Yes, says Poten and Partners, the UK consultants hired to prepare the Natural Gas Master Plan by the previous People's Partnership (PP) administration.
The Plan was received by Energy and Energy Affairs Minister, Kevin Christian Ramnarine, only a few days before he went out of office following the party's defeat by the People's National Movement (PNM) in the September 7 general election.
So far, the new Energy and Energy Industries Minister, Nicole Olivierre, has declined to publicise its findings, nor has she chosen to do so in relation to the companion document, the Ryder Scott Gas Reserves report for 2014.
But the Natural Gas Master Plan takes a rather pessimistic view of the future, pointing out that “the reserves base has been falling steadily since 2002 and the proven reserves to production (R/P) ratio was 8.3 years at the end of 2013, significantly lower than most hydrocarbon exporting economies.”
What's more, upstream producers have indicated that new gas sales contracts and fiscal terms will need to reflect the higher exploration, development and operating costs encountered in the upstream sector.
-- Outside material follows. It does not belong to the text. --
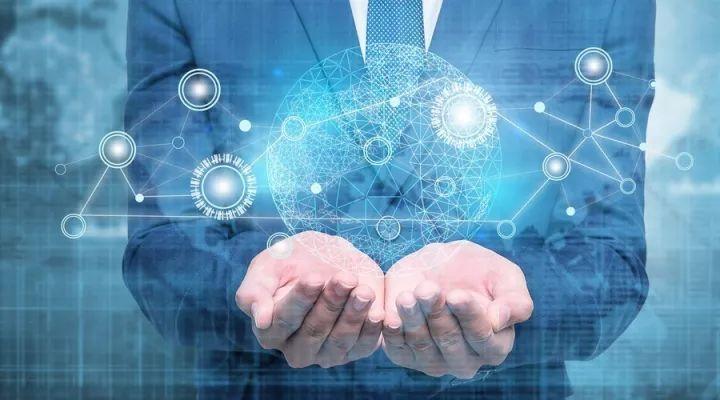 【市工信局】關(guān)于2022年新興產(chǎn)業(yè)扶持計劃申報指南的通知發(fā)布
This has significant implications for the downstream gas consuming sector.”
Whether that still applies to the same extent now that both oil and gas prices have tumbled since the Natural Gas Master Plan was written, and upstream operators have presumably been obliged to drop their own prices, is a matter of conjecture.
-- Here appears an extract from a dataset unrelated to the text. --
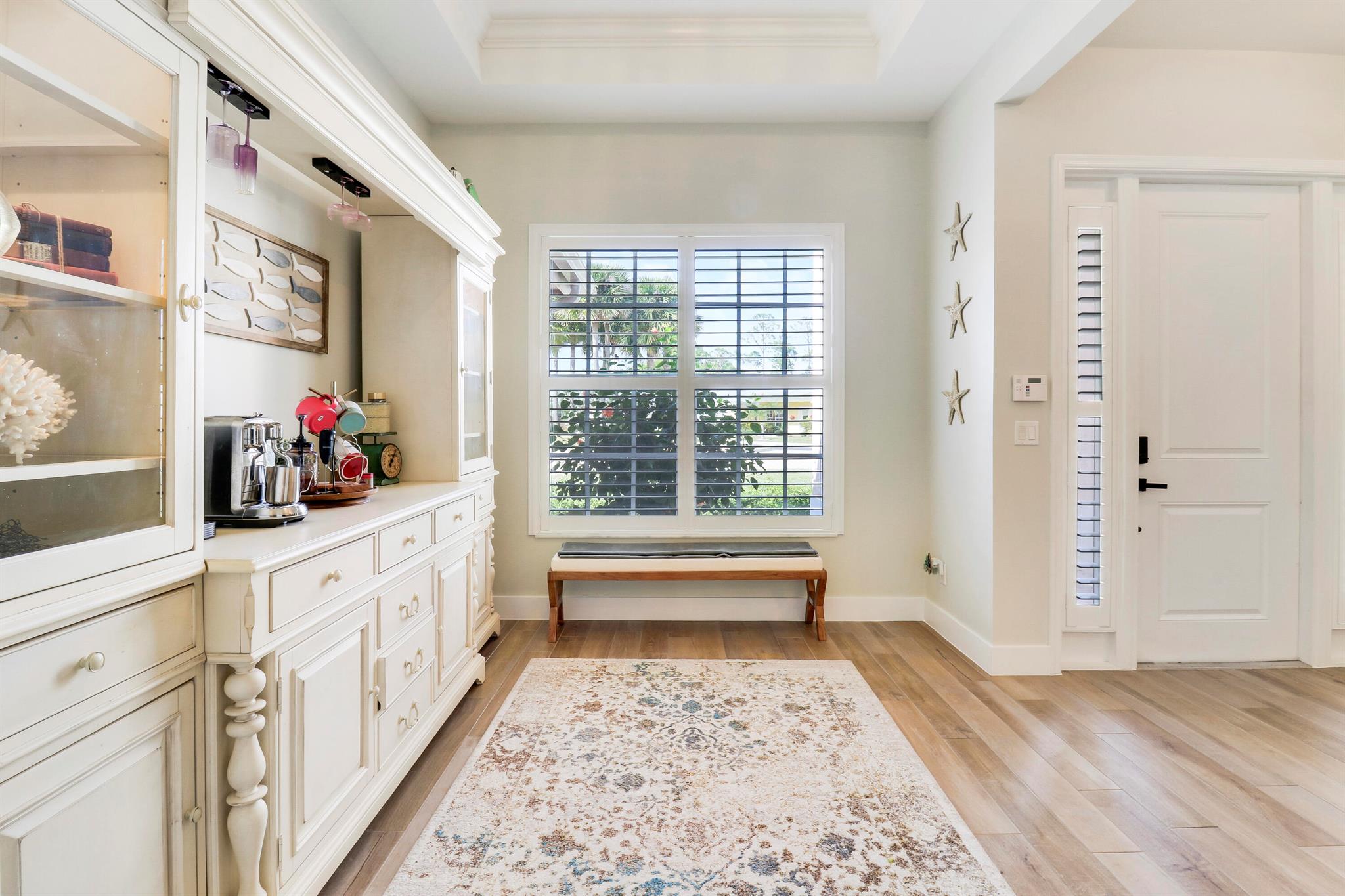 OSPREY RIDGE - Residential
Nevertheless, the “guiding principle” of the Plan is to “maximise the value accruing to the government from the exploitation of Trinidad & Tobago's gas resources on behalf of the people”, which means “maximisation of value across the whole sector, i.e ensuring optimum supply of gas to the existing downstream gas portfolio, while also seeking to maximise the benefit to the government across the various value chains from the gas resources that are produced.”
How this will be done is outlined by the Plan as follows:
• Ensure that new exploration is undertaken to the maximum extent possible, consistent with economic realities of the upstream sector and Trinidad & Tobago's end markets.
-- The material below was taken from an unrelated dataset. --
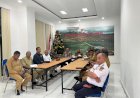 Wakapolres-Sikka-Ikuti-Rapat-Koordinasi-Pengendalian-Inflasi-dan-Sosialisasi-Sekolah-Unggulan-Garuda-Bersama-Forkopimda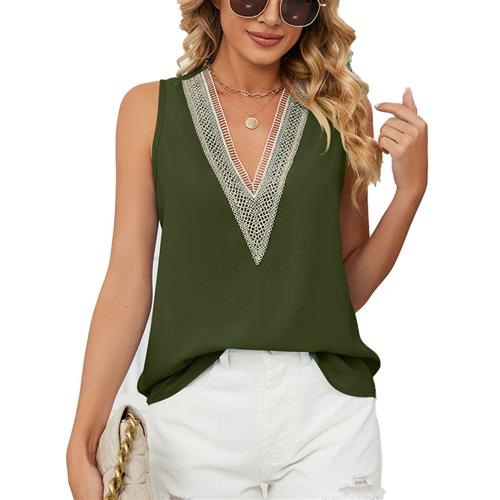 news women dutti massimo blusas female shirt summer simple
• Ensure all suppliers develop and supply their gas resources to the market in an optimal manner.
• Maximise rent extraction for the government from the gas sector subject to ensuring that all players along the chain are sufficiently incentivised to perform optimally for the country.
• Ensure sufficient gas supply for strategic downstream sectors based on national importance (e.g. the power sector and large employers).
• Ensure that if gas supply curtailment is required, it is applied on a transparent, consistent and fair basis.